Other “discoveries” people have made late in life include realizing the division sign (÷) is just a fraction sign with both the denominator and the numerator left blank. Or that a turtle isn’t inside its shell — it actually is its shell. As a specialist in the gothic, I was stunned to discover Grant Wood’s famous American Gothic painting Wood features a father and daughter, not a husband and wife. The story may be even more complex. Rumour has it the model, embarrassed at being mistaken for the wife of a man twice her age, went overboard reassuring everyone it was a father and daughter. The painter never corrected her nor confirmed her version.
Other discoveries: There’s a bear in the mountain face of a Toblerone chocolate bar. The hole in a pasta serving spoon represents the recommended single serving size. The word “footage” comes from film being measured in feet. The first episode of a television show is a “pilot” because it’s the first time it’s “on air.” You say “break a leg” to an auditioning actor in hope they end up in a cast. Hold your horses is a pun telling you to be stable. We are surrounded by things that are as plain as the nose on our faces but we never see, or perversely misapprehend, them.
I was easily in my late teens before I realized Canadian and American Thanksgiving are on different dates. Researching the origins of the event, I was stunned to read Martin Frobisher first celebrated Thanksgiving in 1578 on Baffin Island. It was not a celebration of a successful harvest, but sheer relief for successfully crossing the Atlantic into what would become Canada. Thanksgiving is also more popularly understood as the celebration of American Pilgrims in 1621, which has often been presented as a romanticized celebration of community between Indigenous people and settlers.
Thanksgiving isn’t a holy day of obligation but was always a part of parish life.
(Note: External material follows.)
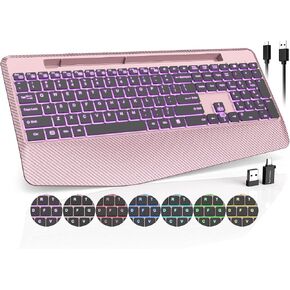 Wireless Keyboard, 7 Colored Backlits, Wrist Rest, Phone Holder-Large Print in Kuwait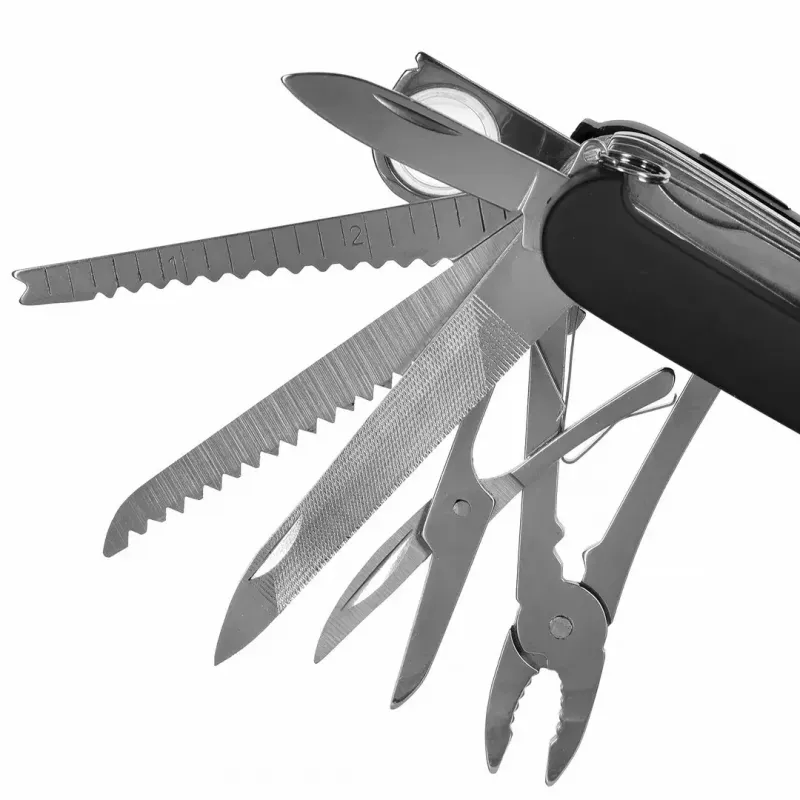 Kabatas nazis AZYMUT Tatron daudzfunkcionāls saliekamais nazis 25 instrumenti, nerūsējošais tērauds, 9 cm salocītā veidā, 200 g, ādas maciņš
Then I moved to Australia and a bunch of holidays shifted. Father’s Day was in September not June. Christmas was celebrated in July, a tradition that arose so Aussies could have a hot roast dinner in the cooler winter months. Most surprisingly, Thanksgiving wasn’t really observed. I remember my bemusement as the Australian news service tried making sense of an American tradition: the presidential pardoning of a turkey.
And I was today year’s old when I learned that there were reams of documents debating the validity of a papal indult granting permission to eat meat. I had always thought that an indult — or a permission to do something Church law normally prohibits — had been given by Pope Pius XII in 1958 that allowed American Catholics to eat leftover turkey on the Friday after Thanksgiving. It turns out this is disputed. Some say it was actually Pope John Paul XXIII who issued the decree, others that the indult was permanent, not temporary. Still others insist it is all a myth and no such order was ever given by anyone. To be safe, I have generally observed the no-meat rule.
I say generally because, looking back at my time in Australia, I recall bemoaning the absence of Thanksgiving and turkey to my parish priest who had spent years in North America. He nodded kindly and said, “Everyone’s got it wrong any way.” His punchline? “Every day is Thanksgiving. That’s what the Eucharist is for. It’s the Greek word for thanksgiving. There is, after all, no greater meal.”
As we walked together toward the church I asked, “So can we have a turkey meal anyway?” He looked at me with something not far from pity. “Not today you can’t. It’s no-meat Friday, and No Thanksgiving Australia!”
Dr. Gerry Turcotte is President and Vice-Chancellor at St. Mark’s and Corpus Christi College.